O documentário entrevista o cientista político brasileiro Leandro Machado, envolvido em projetos sobre democracia e participação popular por meio da tecnologia. Em 2015, Machado foi reconhecido como Jovem Líder Global pelo Fórum Econômico Mundial e tem experiência em grandes empresas de tecnologia e mobilização digital. O depoimento dele é focado nas questões que envolveram o Facebook recentemente, como o sigilo dos dados dos usuários e o uso das redes sociais para objetivos políticos e eleitorais.
A artista plástica norte-americana Illma Gore, cujo desenho de Donald Trump nu foi compartilhado em todo mundo, fala sobre a censura a sua obra devido à nudez e ao tamanho da genitália do presidente dos Estados Unidos. O artista e ativista sírio radicado em Berlim Khaled Barakeh também teve imagens com crianças mortas deletadas das redes. A direita norte-americana é representada no documentário pelo ativista Sabo, que defede a liberdade de expressão e, depois de ter sido banido do Facebook várias vezes, começou uma campanha de street art chamada “Fuck Zuck”.
O relator especial das Nações Unidas sobre liberdade de expressão, David Kaye, vê o espaço digital ameaçado por mais e mais governos que estão tentando regular a liberdade de expressão. Um exemplo é a Turquia, onde o especialista em direito digital na Universidade Bilgi em Istambul Yaman Akdeniz comenta o impacto político dos acordos secretos entre o governo turco e o Facebook, que, para ter acesso a este mercado, aceitou limitar o acesso dos usuários locais às críticas ao governo. Outro personagem de destaque é o sírio Abdulwahab Tahhan, que trabalha no projeto sem fins lucrativos AIRWARS, em Londres, e ajuda a rastrear e arquivar fotos e vídeos da guerra na Síria, que são frequentemente excluídos pelos limpadores das redes.

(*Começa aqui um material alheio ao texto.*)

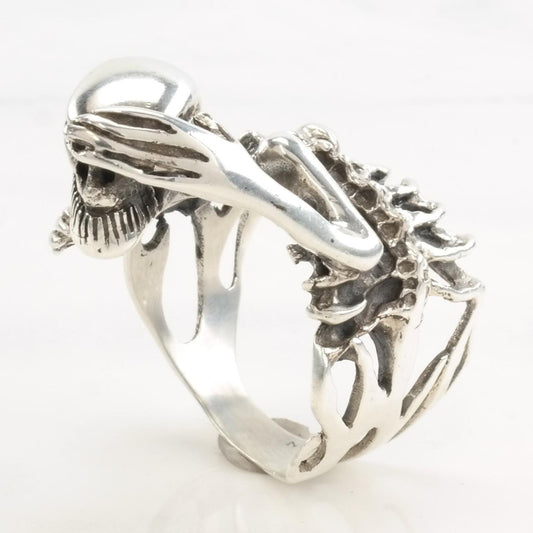 Vintage HAN Silver Ring Skeleton Sterling Size 11 1/2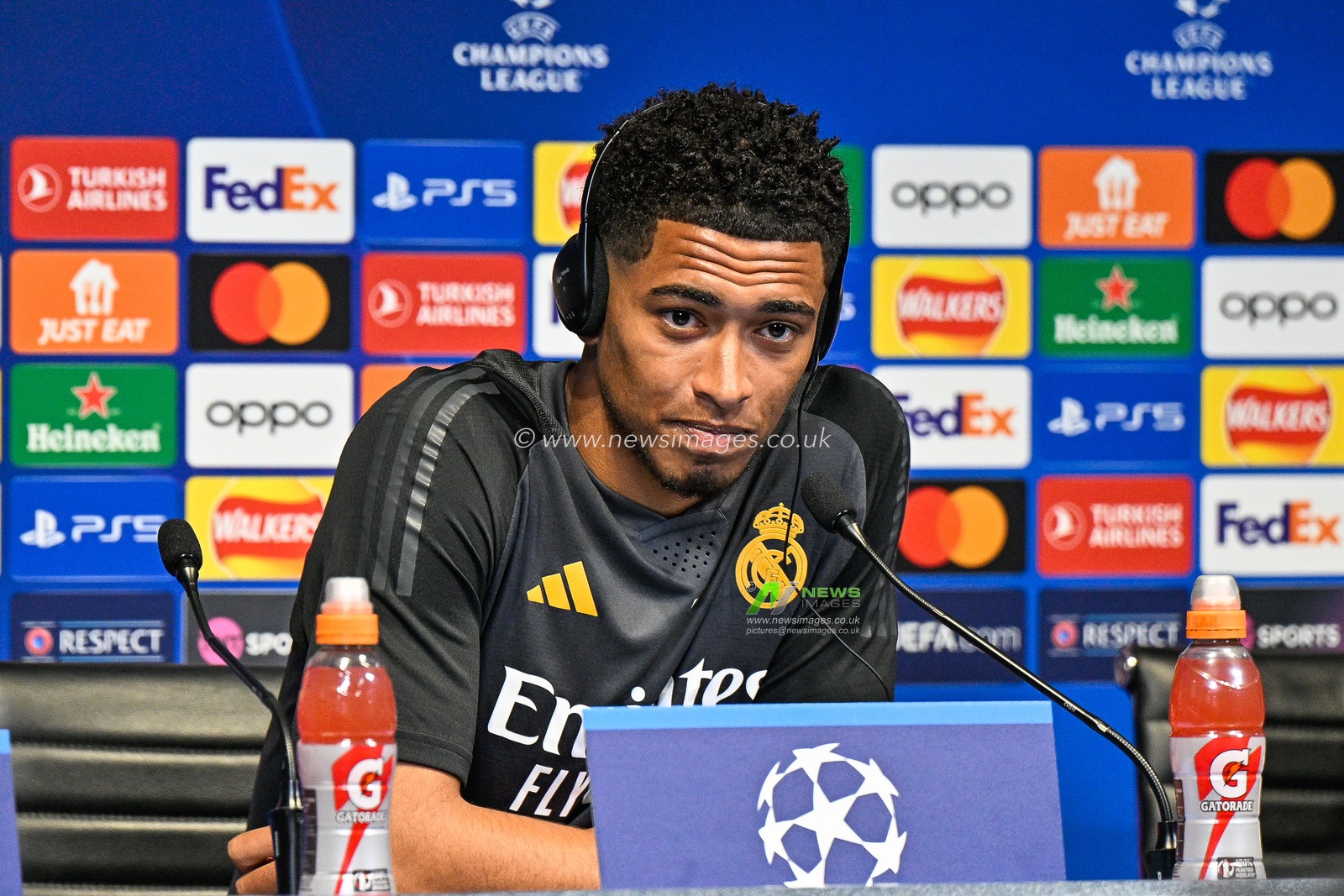 Jude Bellingham of Real Madrid during the Real Madrid Champions League press Conference at Joie Stadium, Manchester, United Kingdom, 16th April 2024

(Photo by Cody Froggatt/News Images)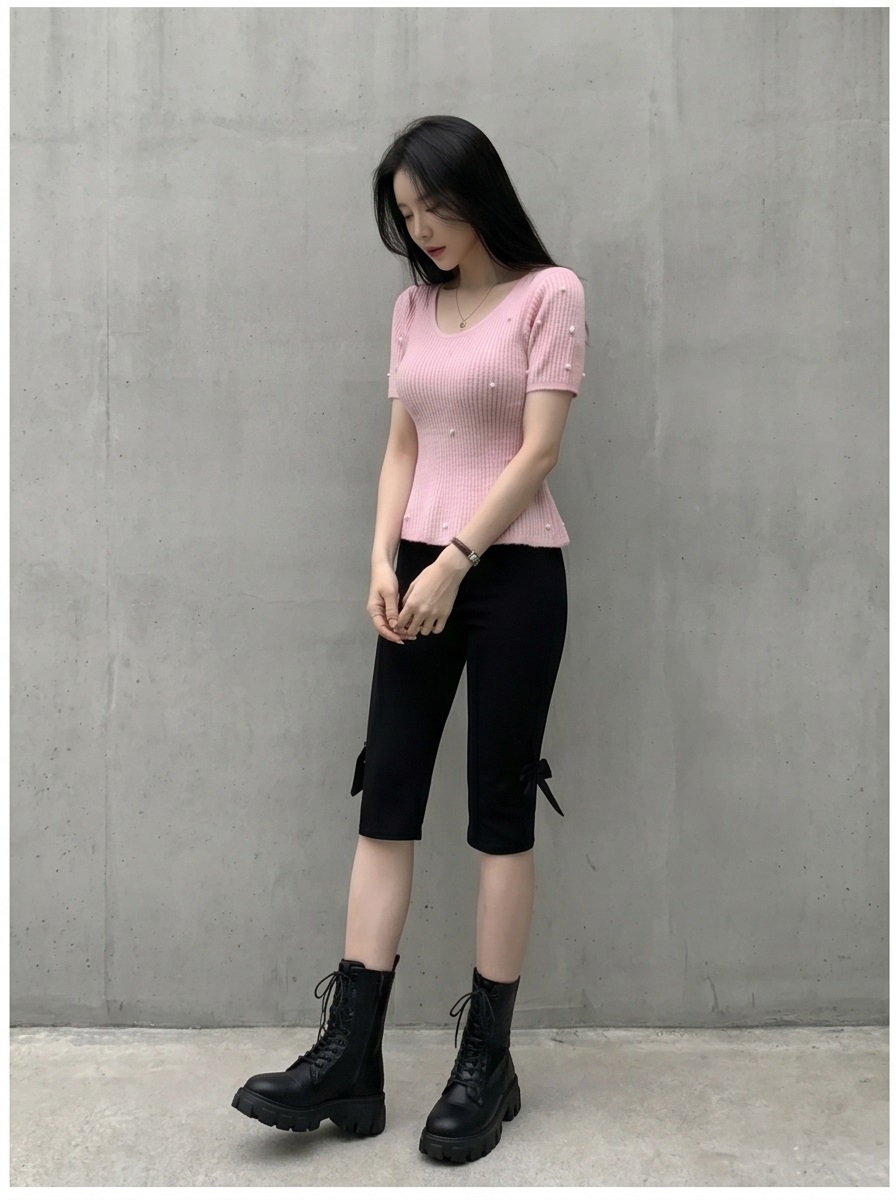 ウエストゴムスリムバミューダ5分丈ショートパンツ | 詳細画像5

O uso político das redes é também tema de análises do jornalista da TV pública nas Filipinas Ed Lingao, que, além de falar sobre a censura às críticas ao presidente Rodrigo Duterte, explica o uso de notícias falsas (fake news) para fins políticos. O impacto negativo das notícias falsas é tema da entrevista com o ativista e blogueiro da etnia Rohingya Nay San Lwin. Ele tem documentado tortura e subjugação enfrentadas por seu povo em Mianmar (Birmânia). Desde 2012, grupos extremistas têm perseguido esta minoria étnica e estimulando a violência por meio de notícias falsas nas redes sociais. Lwin acusa o Facebook de promover a disseminação do ódio e do assédio em sua plataforma.
Um “limpador” rápido avalia até 25 mil imagens em um dia com 10 horas de trabalho. “Não pense demais” é uma das primeiras regras que todo moderador de conteúdo aprende. São admitidos apenas três erros de avaliação por mês, mas apenas uma porcentagem muito baixa das decisões dos moderadores é checada por seus supervisores. Embora muitos dos uploads considerados sensíveis sejam sobre questões políticas, os moderadores não têm muito conhecimento sobre o assunto. Mas todos sabem que existem quase 40 organizações terroristas para moderar e apagar e têm de memorizar as características de cada uma delas.
Os mediadores não podem contar para seus familiares qual é seu trabalho. Moram em países pobres, como Filipinas e Indonésia. Por causa das imagens impactantes, eles também sofrem consequências psicológicas, que são consideradas equivalentes a soldados que retornam de conflitos e não recebem apoio. Em um dia normal, os moderadores observam milhares de fotos e vídeos considerados sensíveis, como assassinatos, suicídios, ataques e cenas de sexo.